*** Data to examine Section Begins ***

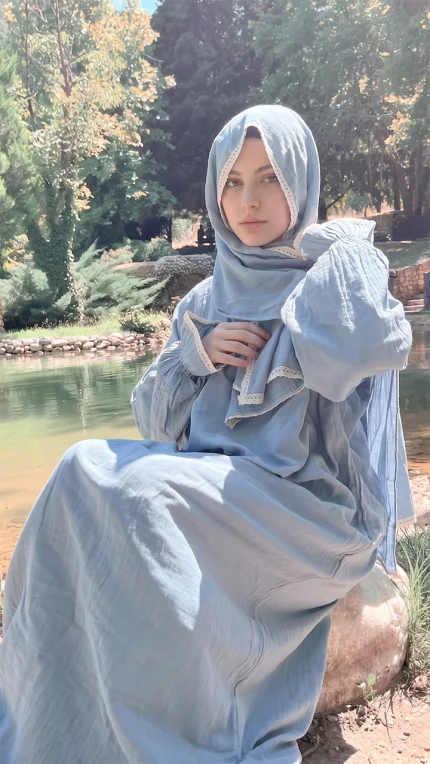 İndigo Mavi Müslin Namaz Elbisesi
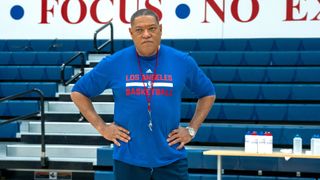 Laurence Fishburne as Doc Rivers in a blue shirt in Clipped episode 2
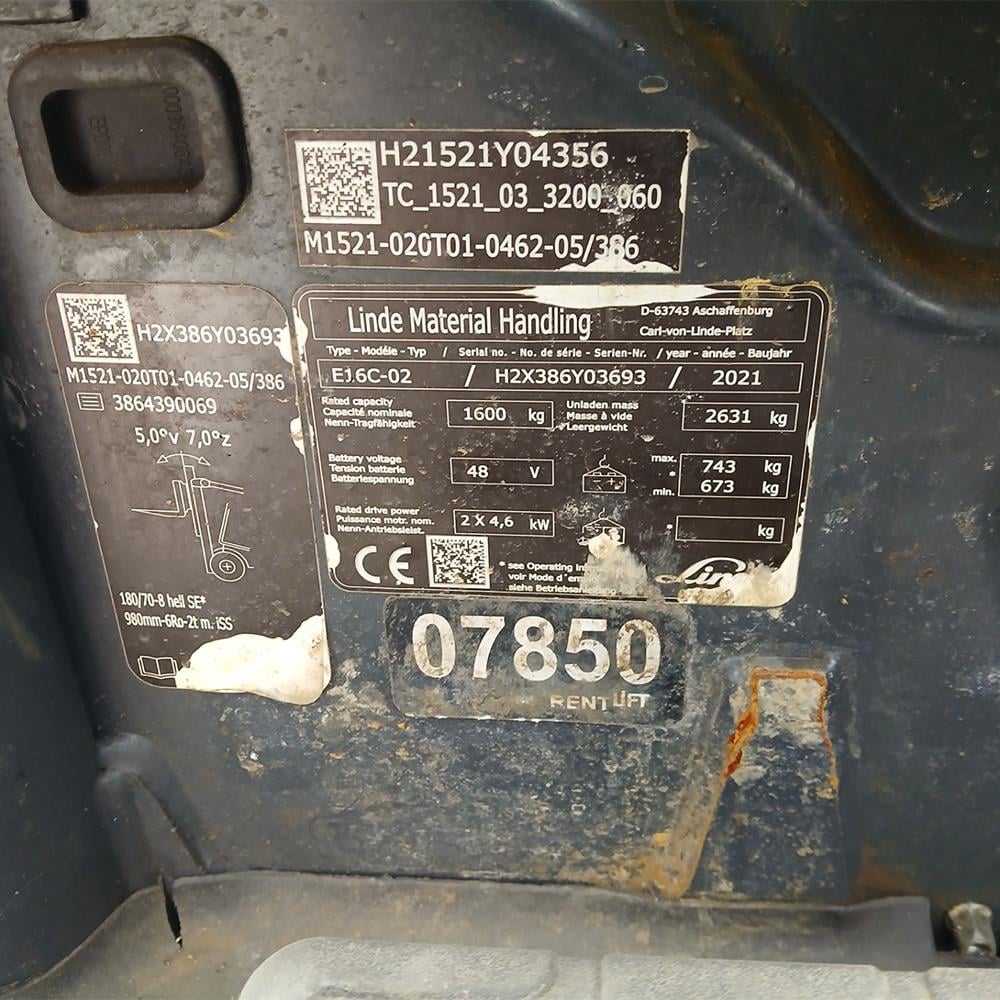 LINDE E16C-386-02 Elektrikli Forklift (F1.7850)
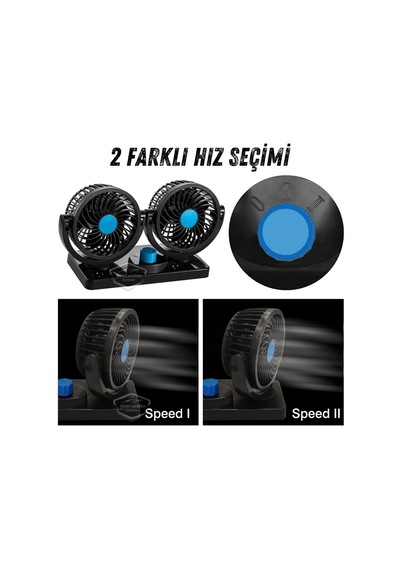 Üniversal Oto Ofis Araç İçi Torpido Üstü Vantilatör Çift Başlıklı Çakmaklık Girişli 2 Kademeli Soğutucu Fan 360 Dönebilen Ultra Sessiz Araç Fanı 12v Mavi 00 Şüscaroto Aksesuar
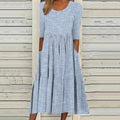 Women's Vintage Stripe Pattern Print Dress elevenforest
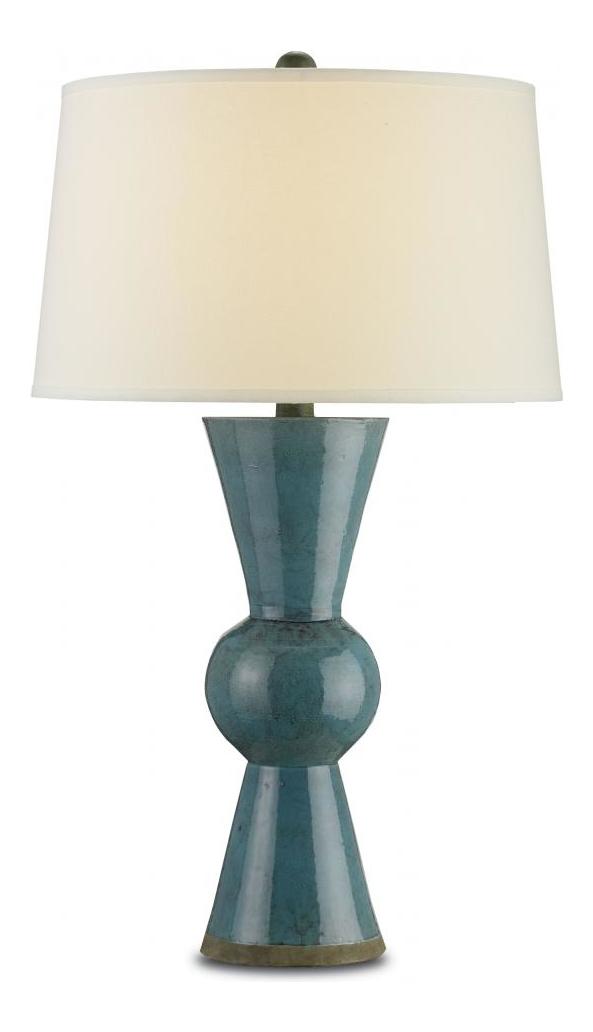 Teal  1 Light Table Lamp with Teal Terracotta Base by Currey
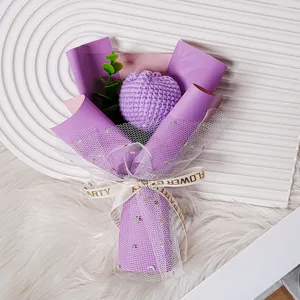 Handmade crochet mini flower bouquet purple knitted gift floral arrangement home decor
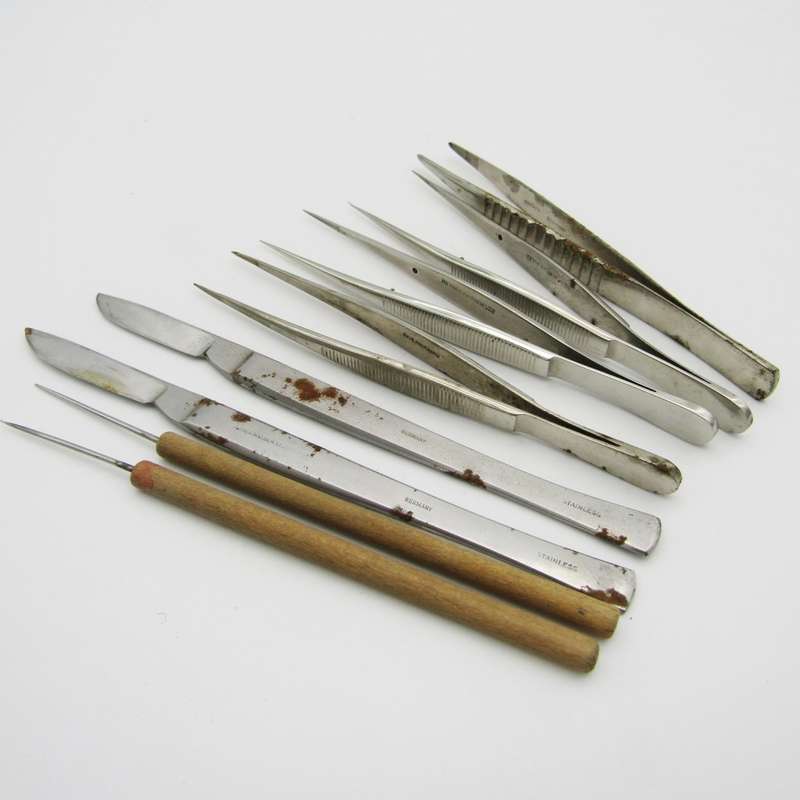 Old Military dissecting kit in pouch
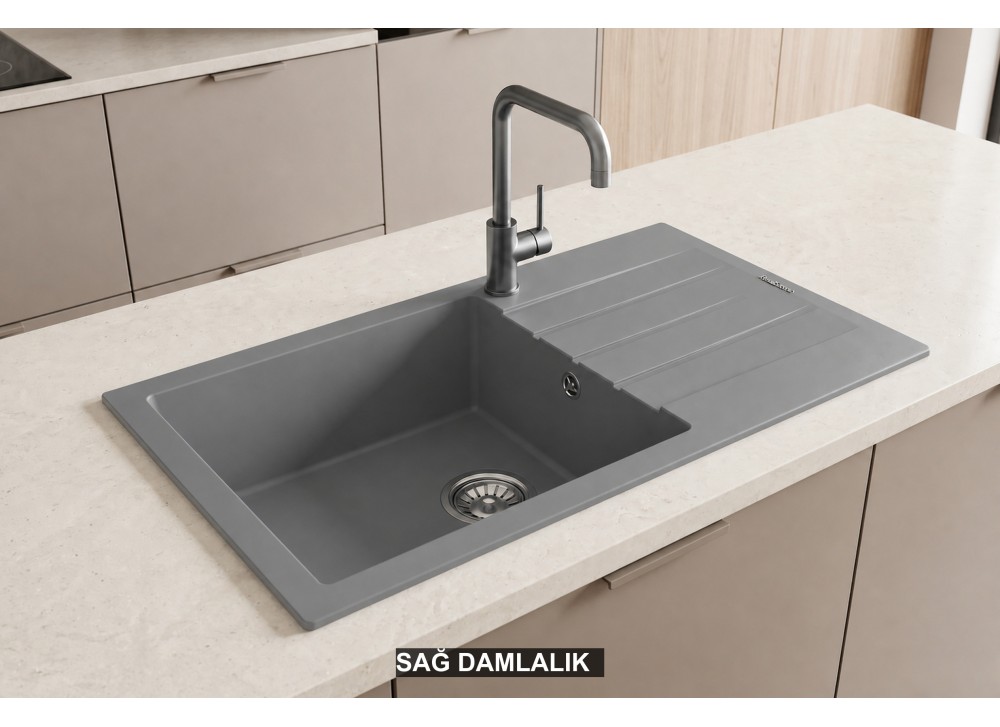 Sağ Damlalıklı 86x43,5 cm Gri Granit Mutfak Evyesi RealStone Assos 86 XL P011 Sağ Damlalıklı 86x43,5 cm Gri Granit Mutfak Evyesi RealStone Assos 86 XL P011
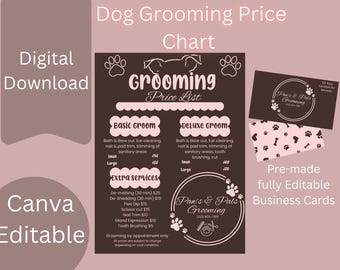 Dog Grooming Price List & Business Cards: Editable Canva Template (Digital Download)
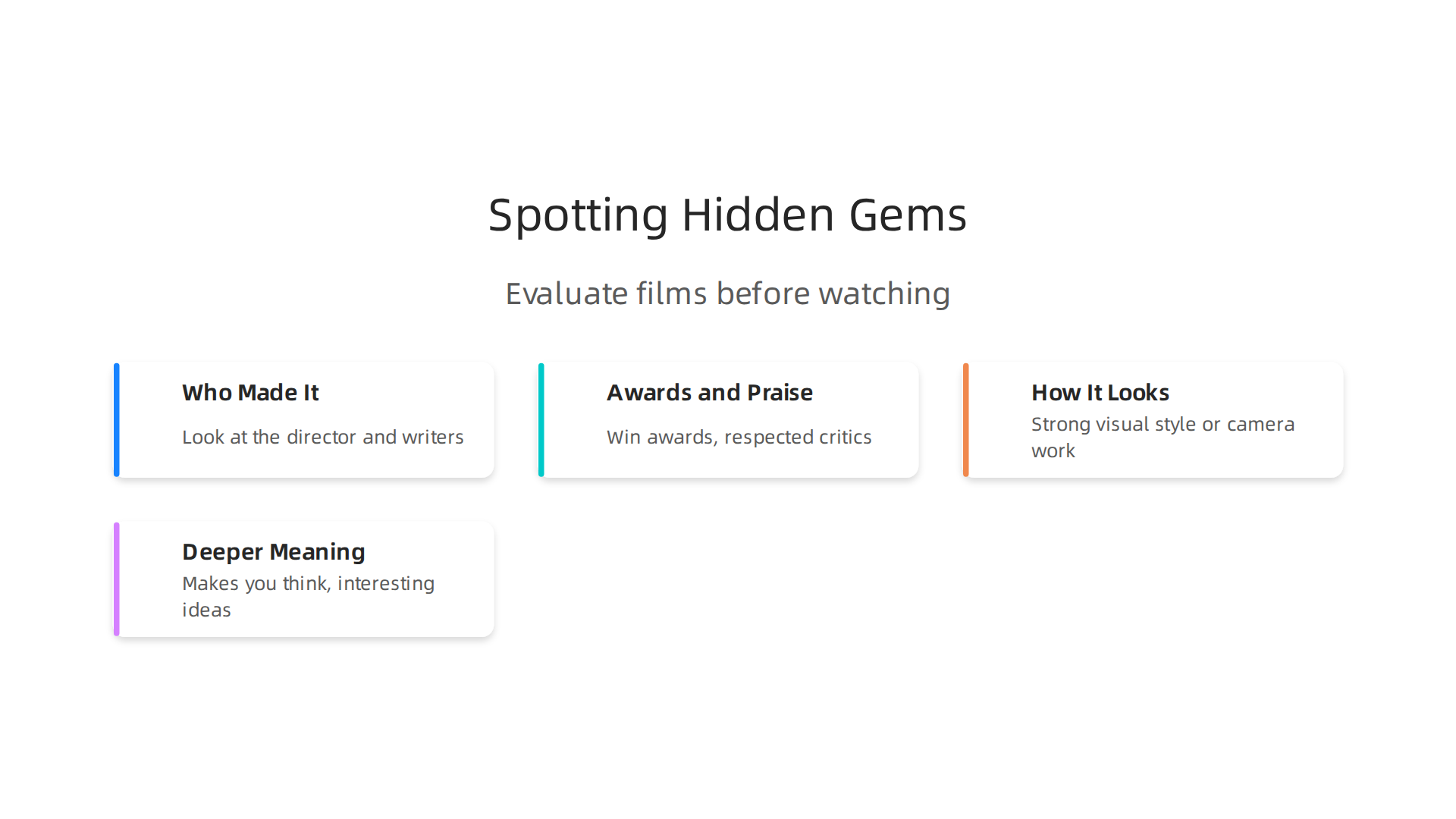 Infographic detailing essential criteria to consider when evaluating hidden cinematic gems before watching them.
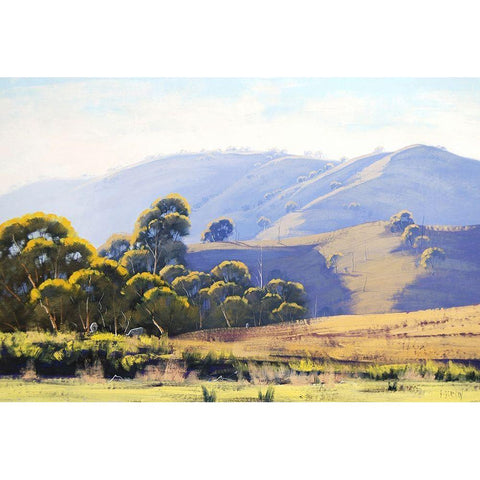 Strath Creek Hills Australia Gold Ornate Wood Framed Art Print with Double Matting by Gercken, Graham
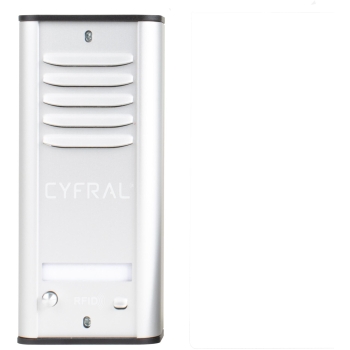 DOMOFON CYFRAL COSMO 1-LOKATORKI KASETA SREBRNA UNIFON CZARNY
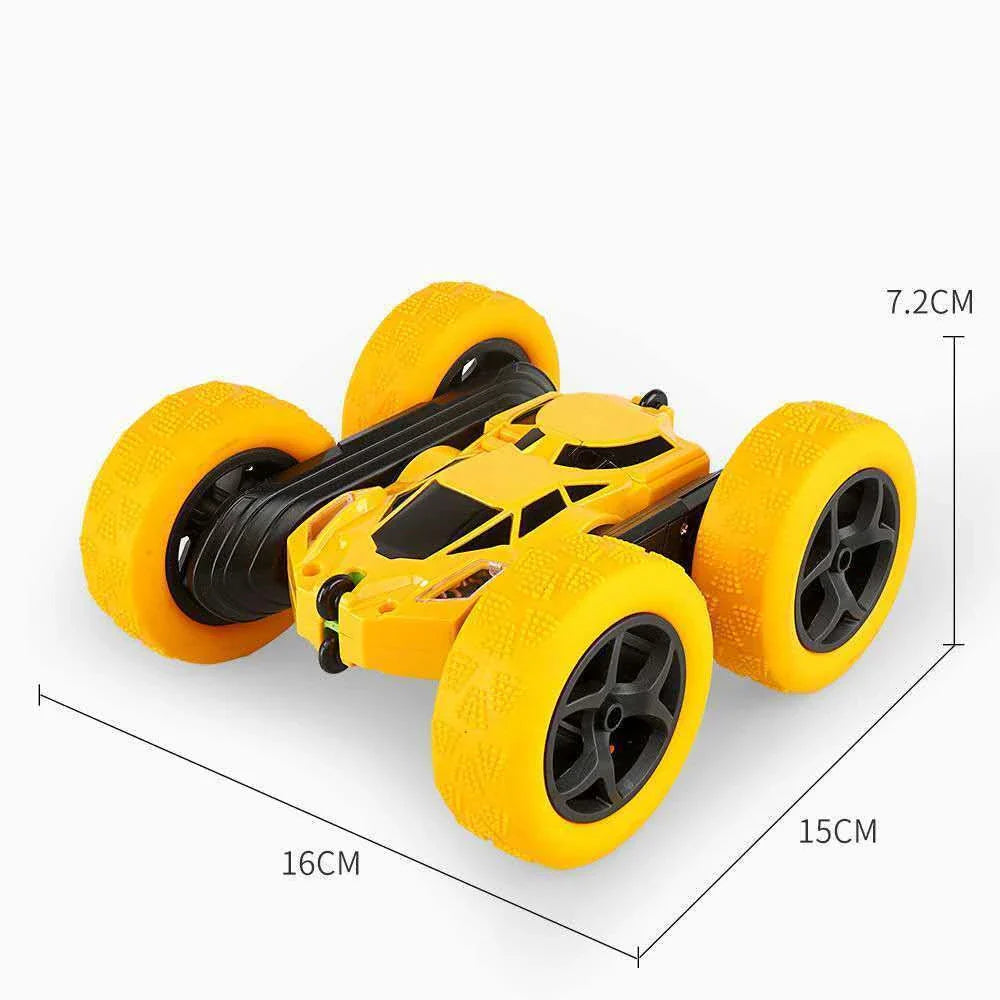 Control Off-Road Double-Sided 360-Degree Flip Stunt Tumbler Charging Racing Car in green colour with cool LED lights and remote control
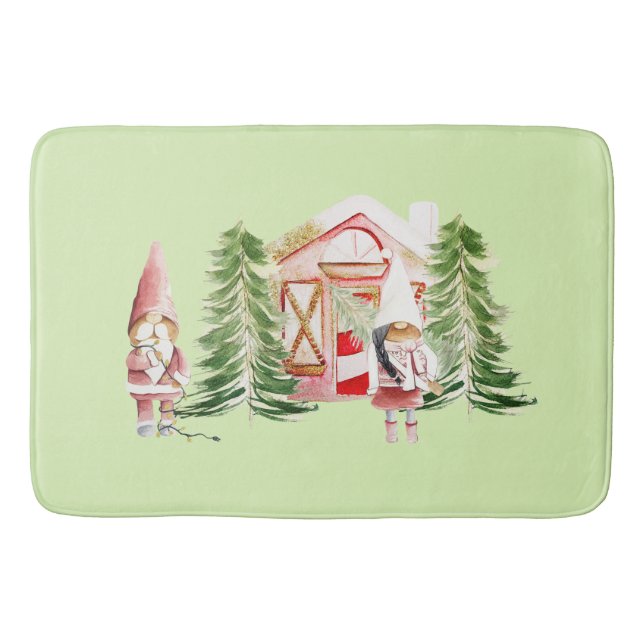XMAS Gnome Design 1  Bath Mat (Front)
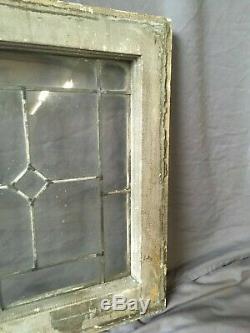 Antique Leaded Stained Glass Window Tulip Victorian Old Cottage Vtg Chic 396-18P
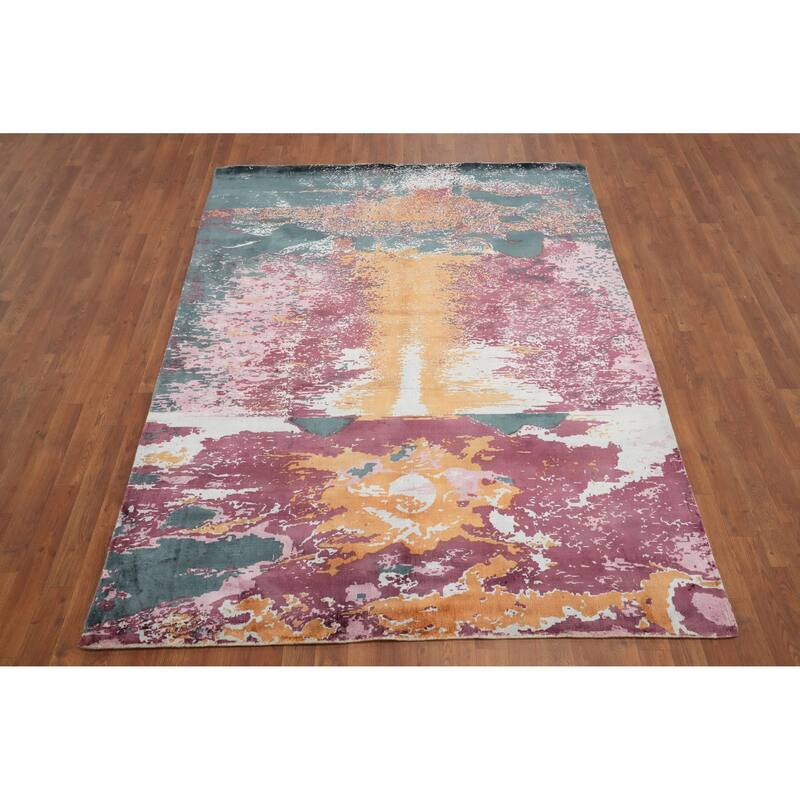 Hand Knotted Oriental Viscose Silk Carpet Modern Pictorial Multi-Colored Abstract Area Rug - 7' 11'' X 5' 8''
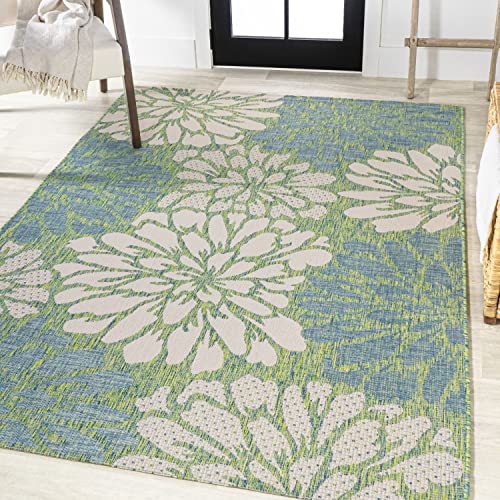 Image of JONATHAN Y Floral Textured Weave Indoor Outdoor Area Rug 5X8 Cream /Green, Zinnia Modern for Backyard, Patio, Porch, Easy-Cleaning, High Traffic, Pet-Friendly, Non-Shedding (SMB110D-5)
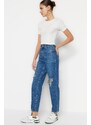 Trendyol Blue Ripped High Waist Mom Jeans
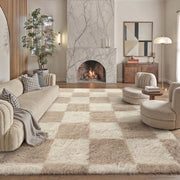 Berthmeer 8'x10' Washable Shag Area Rug, Beige Checkered Pattern, Soft Plush Carpet for Living Room Bedroom Dining Room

*** Data to examine Section Ends ***

What this task involves: No picture is to appear in the copy; every entry above is otherwise to be printed verbatim.

Answer to this problem:
 İndigo Mavi Müslin Namaz Elbisesi
 Laurence Fishburne as Doc Rivers in a blue shirt in Clipped episode 2
 LINDE E16C-386-02 Elektrikli Forklift (F1.7850)
 Üniversal Oto Ofis Araç İçi Torpido Üstü Vantilatör Çift Başlıklı Çakmaklık Girişli 2 Kademeli Soğutucu Fan 360 Dönebilen Ultra Sessiz Araç Fanı 12v Mavi 00 Şüscaroto Aksesuar
 Women's Vintage Stripe Pattern Print Dress elevenforest
 Teal  1 Light Table Lamp with Teal Terracotta Base by Currey
 Handmade crochet mini flower bouquet purple knitted gift floral arrangement home decor
 Old Military dissecting kit in pouch
 Sağ Damlalıklı 86x43,5 cm Gri Granit Mutfak Evyesi RealStone Assos 86 XL P011 Sağ Damlalıklı 86x43,5 cm Gri Granit Mutfak Evyesi RealStone Assos 86 XL P011
 Dog Grooming Price List & Business Cards: Editable Canva Template (Digital Download)
 Infographic detailing essential criteria to consider when evaluating hidden cinematic gems before watching them.
 Strath Creek Hills Australia Gold Ornate Wood Framed Art Print with Double Matting by Gercken, Graham
 DOMOFON CYFRAL COSMO 1-LOKATORKI KASETA SREBRNA UNIFON CZARNY
 Control Off-Road Double-Sided 360-Degree Flip Stunt Tumbler Charging Racing Car in green colour with cool LED lights and remote control
XMAS Gnome Design 1  Bath Mat (Front)
 Antique Leaded Stained Glass Window Tulip Victorian Old Cottage Vtg Chic 396-18P
 Hand Knotted Oriental Viscose Silk Carpet Modern Pictorial Multi-Colored Abstract Area Rug - 7' 11'' X 5' 8''
 Image of JONATHAN Y Floral Textured Weave Indoor Outdoor Area Rug 5X8 Cream /Green, Zinnia Modern for Backyard, Patio, Porch, Easy-Cleaning, High Traffic, Pet-Friendly, Non-Shedding (SMB110D-5)
 Trendyol Blue Ripped High Waist Mom Jeans
 Berthmeer 8'x10' Washable Shag Area Rug, Beige Checkered Pattern, Soft Plush Carpet for Living Room Bedroom Dining Room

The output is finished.